** WORKING DATA follows **

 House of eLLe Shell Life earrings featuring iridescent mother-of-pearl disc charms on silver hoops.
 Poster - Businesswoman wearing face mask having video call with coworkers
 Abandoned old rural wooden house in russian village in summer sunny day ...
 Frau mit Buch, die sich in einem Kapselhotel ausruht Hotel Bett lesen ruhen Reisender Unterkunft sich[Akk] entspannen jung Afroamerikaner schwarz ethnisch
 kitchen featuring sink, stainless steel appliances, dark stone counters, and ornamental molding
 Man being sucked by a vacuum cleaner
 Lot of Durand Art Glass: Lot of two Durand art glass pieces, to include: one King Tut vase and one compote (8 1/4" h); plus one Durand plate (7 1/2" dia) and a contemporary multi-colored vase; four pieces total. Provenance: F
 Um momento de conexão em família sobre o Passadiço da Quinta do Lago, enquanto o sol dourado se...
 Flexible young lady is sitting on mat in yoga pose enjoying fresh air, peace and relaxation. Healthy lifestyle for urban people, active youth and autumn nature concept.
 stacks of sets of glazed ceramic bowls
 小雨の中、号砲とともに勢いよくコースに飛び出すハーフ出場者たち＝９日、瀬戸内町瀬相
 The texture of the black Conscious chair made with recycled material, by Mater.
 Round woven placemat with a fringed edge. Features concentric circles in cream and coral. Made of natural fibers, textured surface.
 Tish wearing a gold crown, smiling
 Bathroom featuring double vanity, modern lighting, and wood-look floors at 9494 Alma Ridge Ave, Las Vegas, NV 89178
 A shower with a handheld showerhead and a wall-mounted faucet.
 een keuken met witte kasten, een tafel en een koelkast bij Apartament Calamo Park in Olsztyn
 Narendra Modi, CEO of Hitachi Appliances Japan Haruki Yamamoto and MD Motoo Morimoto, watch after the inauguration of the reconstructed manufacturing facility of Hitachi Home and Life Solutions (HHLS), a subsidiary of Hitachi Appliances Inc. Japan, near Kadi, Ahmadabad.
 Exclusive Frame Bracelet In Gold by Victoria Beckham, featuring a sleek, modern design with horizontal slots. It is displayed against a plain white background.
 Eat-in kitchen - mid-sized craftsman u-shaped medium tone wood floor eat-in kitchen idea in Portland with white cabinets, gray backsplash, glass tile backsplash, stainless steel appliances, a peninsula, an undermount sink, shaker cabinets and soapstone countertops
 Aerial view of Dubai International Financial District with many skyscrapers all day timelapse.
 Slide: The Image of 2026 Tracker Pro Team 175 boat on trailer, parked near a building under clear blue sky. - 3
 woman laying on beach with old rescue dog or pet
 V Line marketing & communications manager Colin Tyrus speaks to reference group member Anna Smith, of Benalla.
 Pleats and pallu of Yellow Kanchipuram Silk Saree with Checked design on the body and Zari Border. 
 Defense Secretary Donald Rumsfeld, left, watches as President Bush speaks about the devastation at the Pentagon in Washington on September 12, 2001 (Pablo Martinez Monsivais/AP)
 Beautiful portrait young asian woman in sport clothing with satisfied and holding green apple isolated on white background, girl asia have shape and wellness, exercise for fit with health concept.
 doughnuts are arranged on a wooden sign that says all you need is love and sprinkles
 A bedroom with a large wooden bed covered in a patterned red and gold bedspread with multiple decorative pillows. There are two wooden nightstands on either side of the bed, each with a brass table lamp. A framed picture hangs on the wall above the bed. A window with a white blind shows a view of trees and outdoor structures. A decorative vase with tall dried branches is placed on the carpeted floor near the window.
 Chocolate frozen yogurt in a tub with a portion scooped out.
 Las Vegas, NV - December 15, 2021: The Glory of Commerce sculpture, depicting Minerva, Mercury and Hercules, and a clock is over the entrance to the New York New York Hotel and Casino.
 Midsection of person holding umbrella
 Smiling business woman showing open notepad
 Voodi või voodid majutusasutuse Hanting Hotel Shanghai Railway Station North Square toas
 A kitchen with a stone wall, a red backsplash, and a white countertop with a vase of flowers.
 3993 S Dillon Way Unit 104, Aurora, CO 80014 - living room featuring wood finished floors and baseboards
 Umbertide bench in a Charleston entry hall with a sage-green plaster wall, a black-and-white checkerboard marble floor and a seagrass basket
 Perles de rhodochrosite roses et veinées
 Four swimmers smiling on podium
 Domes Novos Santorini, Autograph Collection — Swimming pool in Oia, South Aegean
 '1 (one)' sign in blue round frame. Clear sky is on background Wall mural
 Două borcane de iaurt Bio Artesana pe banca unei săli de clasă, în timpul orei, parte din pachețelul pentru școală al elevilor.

** End of WORKING DATA **

WHAT YOU SHOULD DO — Word for word, output the records that appear above.

EXERCISE RESPONSE —
 House of eLLe Shell Life earrings featuring iridescent mother-of-pearl disc charms on silver hoops.
 Poster - Businesswoman wearing face mask having video call with coworkers
 Abandoned old rural wooden house in russian village in summer sunny day ...
 Frau mit Buch, die sich in einem Kapselhotel ausruht Hotel Bett lesen ruhen Reisender Unterkunft sich[Akk] entspannen jung Afroamerikaner schwarz ethnisch
 kitchen featuring sink, stainless steel appliances, dark stone counters, and ornamental molding
 Man being sucked by a vacuum cleaner
 Lot of Durand Art Glass: Lot of two Durand art glass pieces, to include: one King Tut vase and one compote (8 1/4" h); plus one Durand plate (7 1/2" dia) and a contemporary multi-colored vase; four pieces total. Provenance: F
 Um momento de conexão em família sobre o Passadiço da Quinta do Lago, enquanto o sol dourado se...
 Flexible young lady is sitting on mat in yoga pose enjoying fresh air, peace and relaxation. Healthy lifestyle for urban people, active youth and autumn nature concept.
 stacks of sets of glazed ceramic bowls
 小雨の中、号砲とともに勢いよくコースに飛び出すハーフ出場者たち＝９日、瀬戸内町瀬相
 The texture of the black Conscious chair made with recycled material, by Mater.
 Round woven placemat with a fringed edge. Features concentric circles in cream and coral. Made of natural fibers, textured surface.
 Tish wearing a gold crown, smiling
 Bathroom featuring double vanity, modern lighting, and wood-look floors at 9494 Alma Ridge Ave, Las Vegas, NV 89178
 A shower with a handheld showerhead and a wall-mounted faucet.
 een keuken met witte kasten, een tafel en een koelkast bij Apartament Calamo Park in Olsztyn
 Narendra Modi, CEO of Hitachi Appliances Japan Haruki Yamamoto and MD Motoo Morimoto, watch after the inauguration of the reconstructed manufacturing facility of Hitachi Home and Life Solutions (HHLS), a subsidiary of Hitachi Appliances Inc. Japan, near Kadi, Ahmadabad.
 Exclusive Frame Bracelet In Gold by Victoria Beckham, featuring a sleek, modern design with horizontal slots. It is displayed against a plain white background.
 Eat-in kitchen - mid-sized craftsman u-shaped medium tone wood floor eat-in kitchen idea in Portland with white cabinets, gray backsplash, glass tile backsplash, stainless steel appliances, a peninsula, an undermount sink, shaker cabinets and soapstone countertops
 Aerial view of Dubai International Financial District with many skyscrapers all day timelapse.
 Slide: The Image of 2026 Tracker Pro Team 175 boat on trailer, parked near a building under clear blue sky. - 3
 woman laying on beach with old rescue dog or pet
 V Line marketing & communications manager Colin Tyrus speaks to reference group member Anna Smith, of Benalla.
 Pleats and pallu of Yellow Kanchipuram Silk Saree with Checked design on the body and Zari Border. 
 Defense Secretary Donald Rumsfeld, left, watches as President Bush speaks about the devastation at the Pentagon in Washington on September 12, 2001 (Pablo Martinez Monsivais/AP)
 Beautiful portrait young asian woman in sport clothing with satisfied and holding green apple isolated on white background, girl asia have shape and wellness, exercise for fit with health concept.
 doughnuts are arranged on a wooden sign that says all you need is love and sprinkles
 A bedroom with a large wooden bed covered in a patterned red and gold bedspread with multiple decorative pillows. There are two wooden nightstands on either side of the bed, each with a brass table lamp. A framed picture hangs on the wall above the bed. A window with a white blind shows a view of trees and outdoor structures. A decorative vase with tall dried branches is placed on the carpeted floor near the window.
 Chocolate frozen yogurt in a tub with a portion scooped out.
 Las Vegas, NV - December 15, 2021: The Glory of Commerce sculpture, depicting Minerva, Mercury and Hercules, and a clock is over the entrance to the New York New York Hotel and Casino.
 Midsection of person holding umbrella
 Smiling business woman showing open notepad
 Voodi või voodid majutusasutuse Hanting Hotel Shanghai Railway Station North Square toas
 A kitchen with a stone wall, a red backsplash, and a white countertop with a vase of flowers.
 3993 S Dillon Way Unit 104, Aurora, CO 80014 - living room featuring wood finished floors and baseboards
 Umbertide bench in a Charleston entry hall with a sage-green plaster wall, a black-and-white checkerboard marble floor and a seagrass basket
 Perles de rhodochrosite roses et veinées
 Four swimmers smiling on podium
 Domes Novos Santorini, Autograph Collection — Swimming pool in Oia, South Aegean
 '1 (one)' sign in blue round frame. Clear sky is on background Wall mural
 Două borcane de iaurt Bio Artesana pe banca unei săli de clasă, în timpul orei, parte din pachețelul pentru școală al elevilor.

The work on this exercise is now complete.